German Localizable.strings:

"a" = "einer";

"apple" = "Apfel";
"banana" = "Banane";
"car" = "Auto";

"bruise" = "Bluterguss";

"Thanks for logging ^[%@ %@](inflect: true)" = "Vielen Dank für die Eingabe ^[%@ ^[%@](morphology: { partOfSpeech: \"noun\" })](inflect: true)";

For the testing nouns "apple", "banana" and "car" works as expected, but "bruise" does not inflected as Masculine.
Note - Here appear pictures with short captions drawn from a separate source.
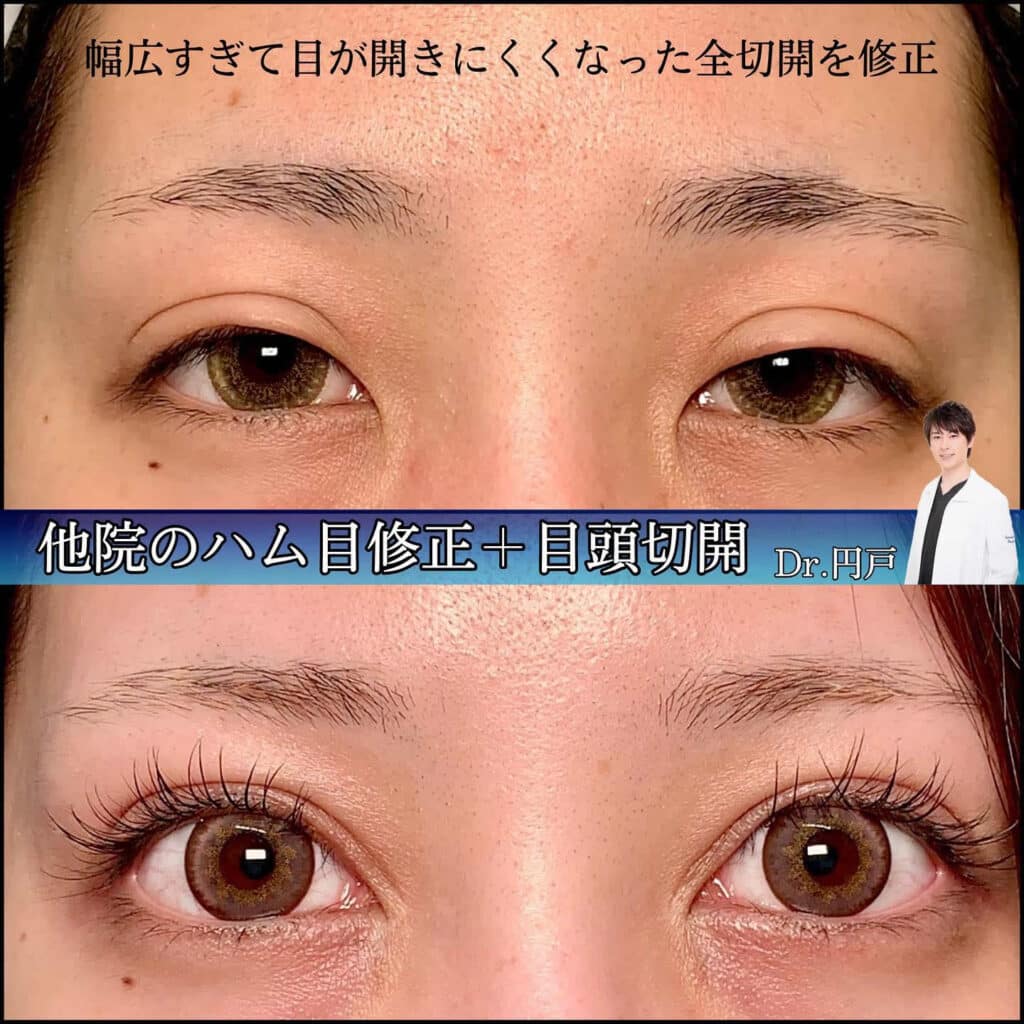 ハム目修正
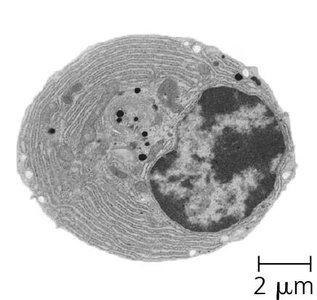 Plasma cell (effector B cell)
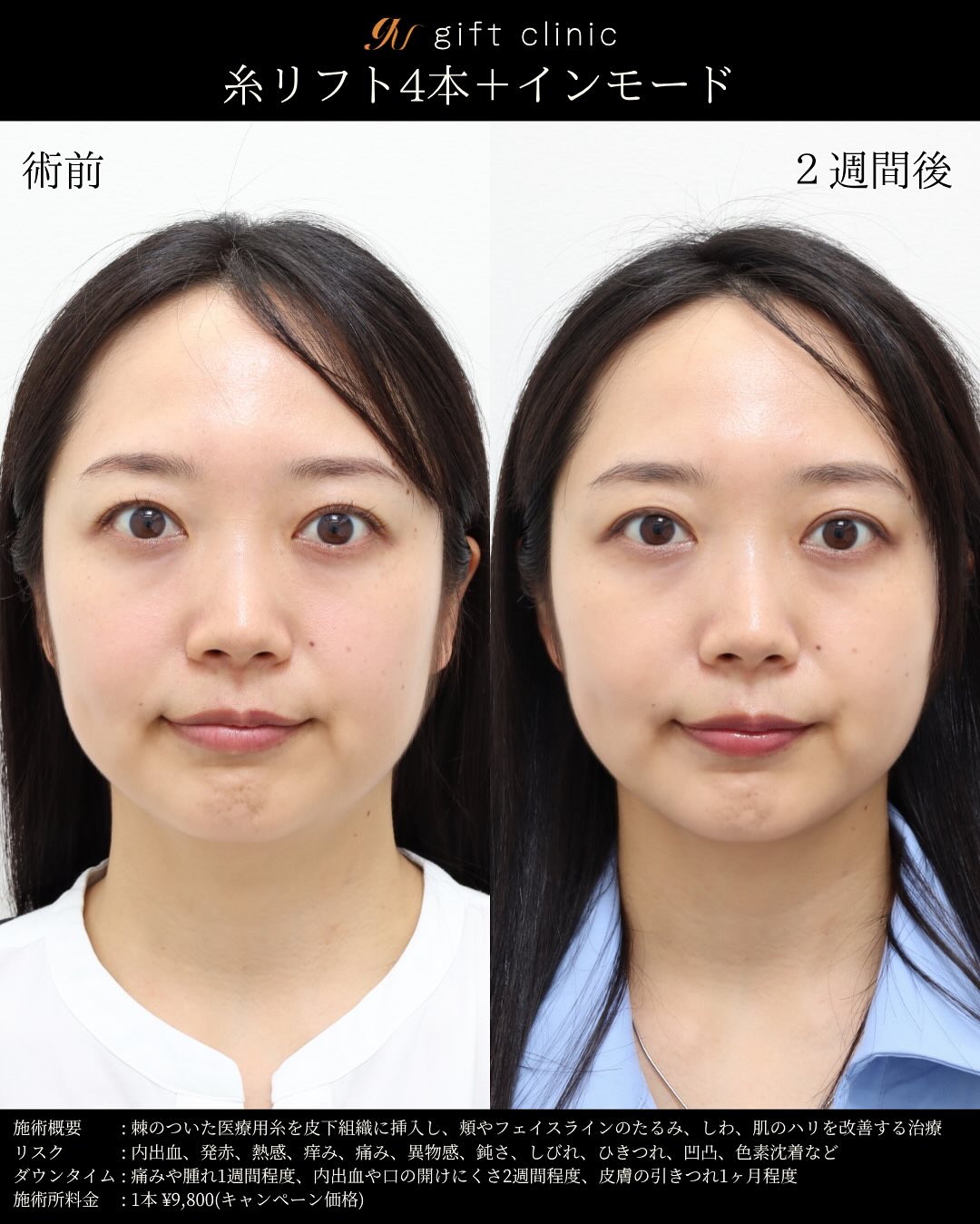 糸リフト4本とインモード・術前と2週間後｜gift clinic 銀座の糸リフト症例写真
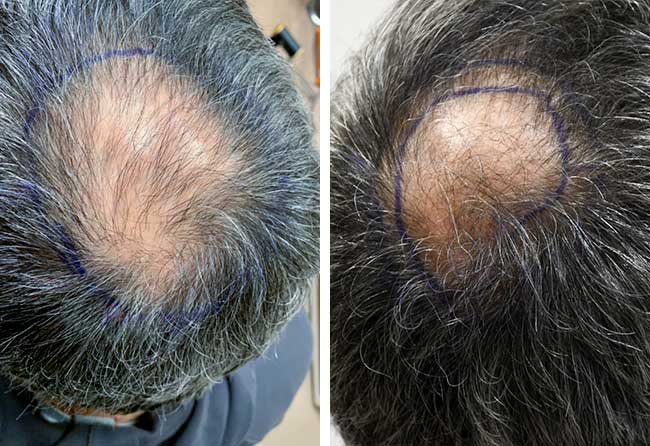 Ziad Ma before Sapphire hair transplantation 3000 grafts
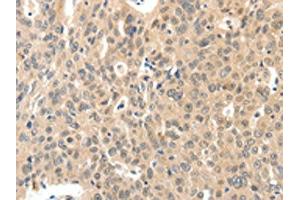 The image on the left is immunohistochemistry of paraffin-embedded Human ovarian cancer tissue using ABIN7192211(ROS1 Antibody) at dilution 1/40, on the right is treated with synthetic peptide. (ROS1 anticorps)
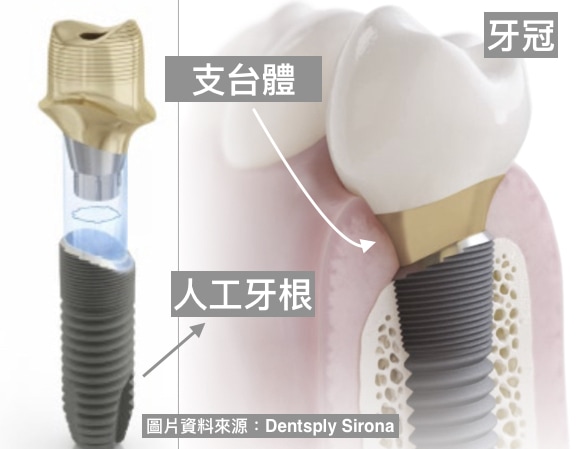 牙周病植牙-人工植牙-數位導航植牙-鎮靜植牙手術-植牙指將人工牙根植入齒槽骨-在上安裝假牙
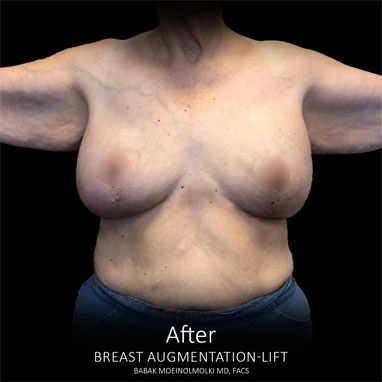breast-augmentation-and-lift-a01 copia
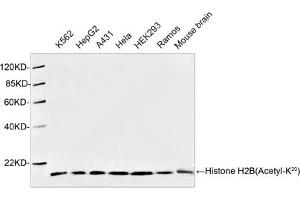 Western blot analysis of cell and tissue lysates using 1 µg/mL Antibodies-Online Rabbit Anti-Histone H2B (Acetyl-K20) Polyclonal Antibody (ABIN398911) The signal was developed with IRDyeTM 800 Conjugated Goat Anti-Rabbit IgG. (Histone H2B antibody  (Lys20))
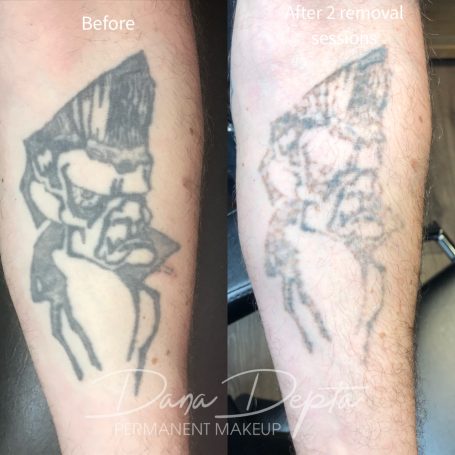 Tattoo removal done at Tiger and Rose Tattoo, London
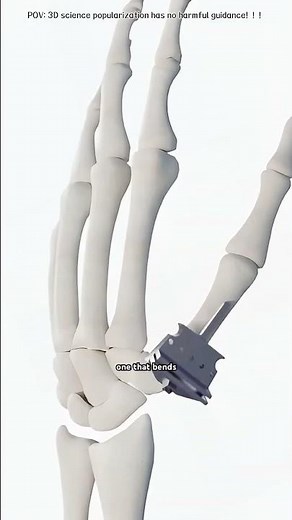 Finger Joint Replacement Surgery #pipjoint #fingerjoint #fingersurgery #fingerarthritis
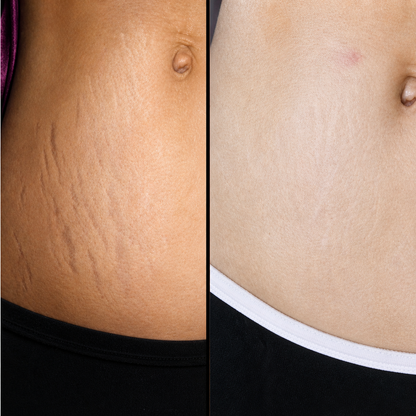 Belamia GoPure Skin Repair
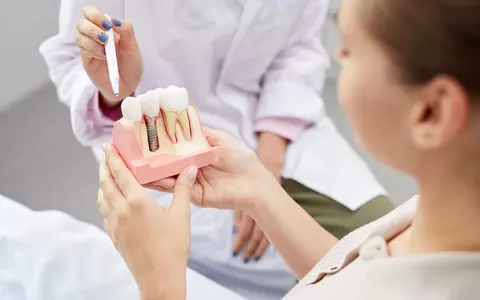 Cum să alegi clinica potrivită pentru implantul dentar?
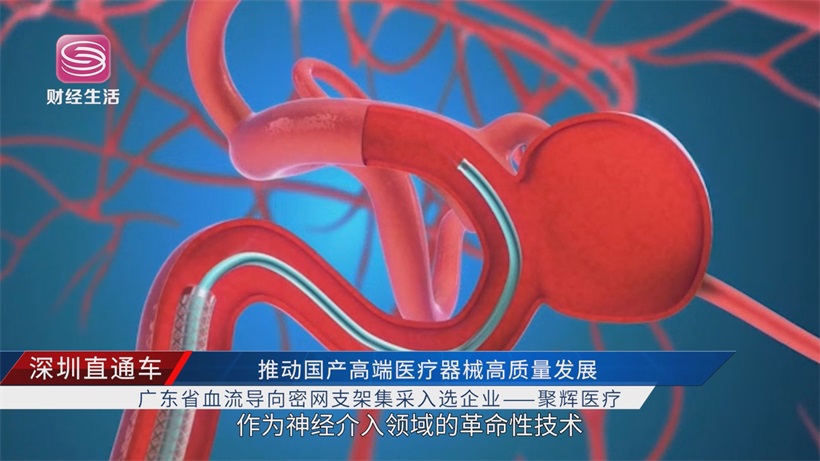 聚辉医疗携创新支架，推动国产高端医疗器械高质量发展(图3)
I asked native German and she said the correct sentence should be

"Vielen Dank für die Eingabe eines Blutergusses" //thanks for Simon's correction

output:
Screenshot 2024-07-27 at 3.11.32 PM

Is there any way to fix this or I should use other nouns? thanks!

unfortunately I can't help you with your question, but I have to say - as a native German speaker - the phrase

"Vielen Dank für die Eingabe eines Blutergusses"

is just so incredibly weird that I had to tell you so. :rofl: sorry. now you know.
(still an ok translation though)

also, I am pretty sure it should be "Blutergusses" in this case, so to me its seems whatever is doing the declination magic with the articles seems to simply not understand the word "Bluterguss".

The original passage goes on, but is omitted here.